In this algorithm, each data item is plotted as a point in n-dimensional space (where n is the number of features you have) with the value of each feature being the value of a particular coordinate.

The aim is to determine the location of decision boundaries also known as hyperplane that produce the optimal separation of classes. Multiple frontiers are produced to suit the data. The best frontier is the one which is farthest away from the nearest support vector.

In case the data cannot be clearly segregated, the data is transformed to a higher dimensional plane where it can be segregated easily.

  • Classification Error : Split the data into 2, create boundary lines, classify anything between the margin as error, add errors.
  • Margin Error : Goal is to obtain a larger margin between the 2 boundary lines with lower error.

Advantages

  • Robust
  • Accurate classification

Disadvantages

  • Computationally expensive

Hyperparameters

C-parameter : It’s just a constant that attaches itself to the classification error.
Small c = large margin and some classification errors. Large c = classify well but small margin.

Kernels

  • Linear
  • Polynomial Kernel :
    • Degree
  • RBF (Radial Basis Functions) Kernel :
    • γ Parameter : small γ = wide curve / large γ = narrow curve

SVMs can be implemented:

  • Maximum Margin Classifier : When your data can be completely separated, the linear version of SVMs attempts to maximize the distance from the linear boundary to the closest points (called the support vectors)
  • Classification with Inseparable Classes :Data in the real world is rarely completely separable. For this reason, we introduced a new hyper-parameter called C. The C hyper-parameter determines how flexible we are willing to be with the points that fall on the wrong side of our dividing boundary. The value of C ranges between 0 and infinity. When C is large, you are forcing your boundary to have fewer errors than when it is a small value.

Note: when C is too large for a particular set of data, you might not get convergence at all because your data cannot be separated with the small number of errors allotted with such a large value of C.

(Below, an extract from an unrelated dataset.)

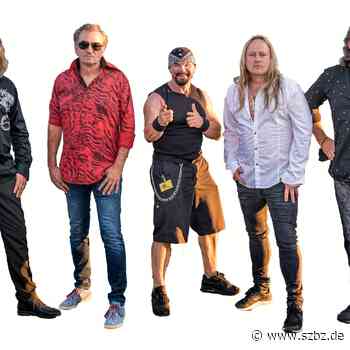 Sindelfingen: Hardrock-Klassiker und 90er Party bei „Kultur im Freien“ - Sindelfinger Zeitung / Böblinger Zeitung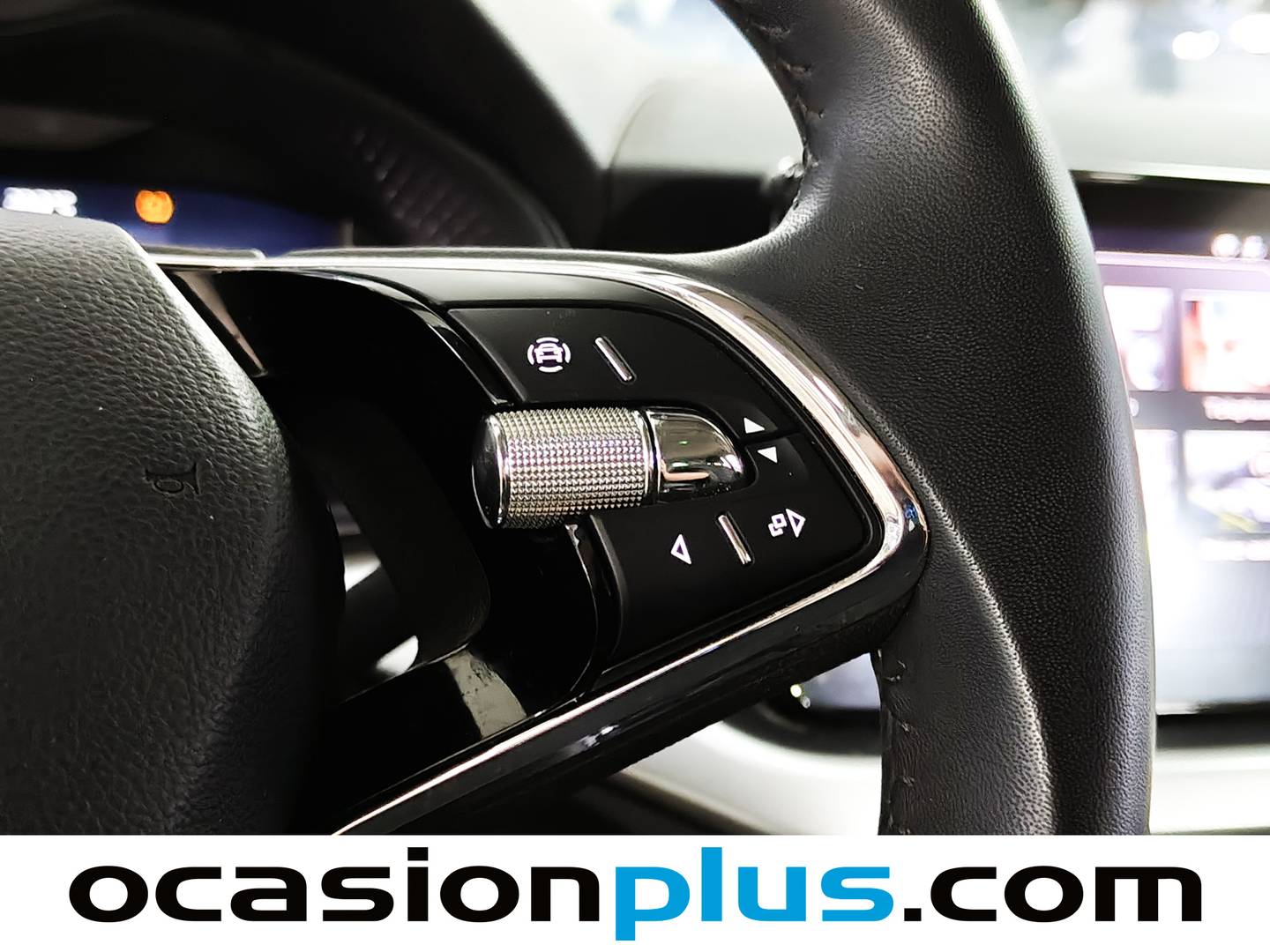 Foto Skoda Kamiq Skoda Kamiq 1.0 TSI Ambition (110 CV)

  • Kernel Methods : Kernels in SVMs allow us the ability to separate data when the boundary between them is nonlinear. Specifically, you saw two types of kernels: polynomial, rbf. By far the most popular kernel is the rbf kernel (which stands for radial basis function). The rbf kernel allows you the opportunity to classify points that seem hard to separate in any space. This is a density based approach that looks at the closeness of points to one another. This introduces another hyper-parameter gamma. When gamma is large, the outcome is similar to having a large value of C, that is your algorithm will attempt to classify every point correctly. Alternatively, small values of gamma will try to cluster in a more general way that will make more mistakes, but may perform better when it sees new data.